2.2. More on the role of ownership concentration (or importance of large shareholders)

There are two common approaches to corporate governance throughout most of the world (e.g., Shleifer and Vishny, 1997). First, investors' rights are protected to varying degrees across the world through the legal process and legal environment. The second major approach, and the focus of this article, is ownership by large investors.

Research provides evidence that managers, when left unmonitored, are more likely to manage earnings, commit fraud, or make suboptimal investment decisions (e.g., Biddle and Hilary, 2006; Hope and Thomas, 2008). Thus, shareholder monitoring is an important mechanism by which agency costs can be reduced. However, while all shareholders have the responsibility to monitor managerial activities, the benefits of doing so by any individual shareholder are proportional to the percentage of shares owned (Jensen and Meckling, 1976; Shleifer and Vishny, 1997). Put another way, when ownership is widely dispersed, it is economically less feasible for any individual shareholder to incur significant monitoring costs, because she will receive only a small portion of benefits. Similarly, when ownership is dispersed, it is harder for shareholders to monitor managerial actions.

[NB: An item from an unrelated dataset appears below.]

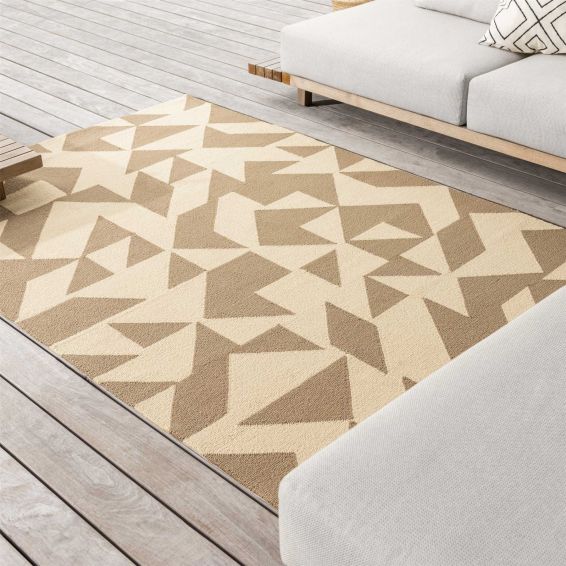 Habitat Yerba Outdoor Geometric Rugs in Beige 411601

Thus, as the percentage of ownership by individual shareholders increases (i.e., concentration increases), the more willing individual shareholders are to incur necessary monitoring costs. That is, when ownership is limited to one or a few individuals, it is easier and more efficient for those individuals to directly monitor managerial actions. This is the typical "vertical agency cost" argument (i.e., conflicts between managers and owners) and leads to the general prediction that agency costs are expected to be lower as ownership concentration increases.4

Potential manager-owner conflicts are not the only relevant issues. Horizontal agency costs relate to how large shareholders can decrease a firm's value through extracting private benefit from the minority shareholders (e.g., La Porta et al., 1999). Morck et al. (1988) argue that increased ownership concentration may entrench managers, as they are increasingly less subject to governance by boards of directors and to discipline by the market for corporate control. Controlling shareholders may either engage in outright expropriation from self-dealing transactions or exercise de facto expropriation through the pursuit of objectives that are not profit-maximizing in return for personal utilities. These controlling shareholders may attempt to hide these activities from other stakeholders (e.g., minority shareholders and creditors) by manipulating reported performance (an issue of obvious interest to accountants). In other words, a controlling owner can increase agency costs via the positive association with private benefits of control (e.g., Hope et al., 2012a).

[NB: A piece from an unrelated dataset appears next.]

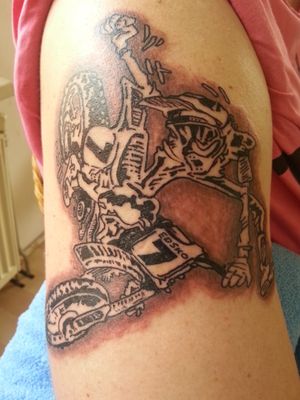 My first Ink. Drawn by myself in memory of my dad #motocross #dirtbike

To summarize the discussion, the presence of a controlling owner represents forces that work in opposite directions. For a researcher, this is both a challenge and an opportunity. It is an opportunity if the researcher is able to specify ex ante which set of agency costs is likely to be most significant. For example, in countries with less legal protection of the minority shareholders the main agency problem often exists between controlling shareholders and minority shareholders.

3 Jensen and Meckling consider the term monitoring to include more than just measuring or observing the behavior of the agent. It includes efforts on the part of the principal to "control" the behavior of the agent through budget restrictions, compensation policies, operating rules, etc.

4 Furthermore, controlling shareholders could enable a long investment horizon which allows the building of strong relationships between the firms and outside providers of capital (Ellul et al., 2009). In fact, a controlling shareholder could increase business focus and make contracting negotiations easier.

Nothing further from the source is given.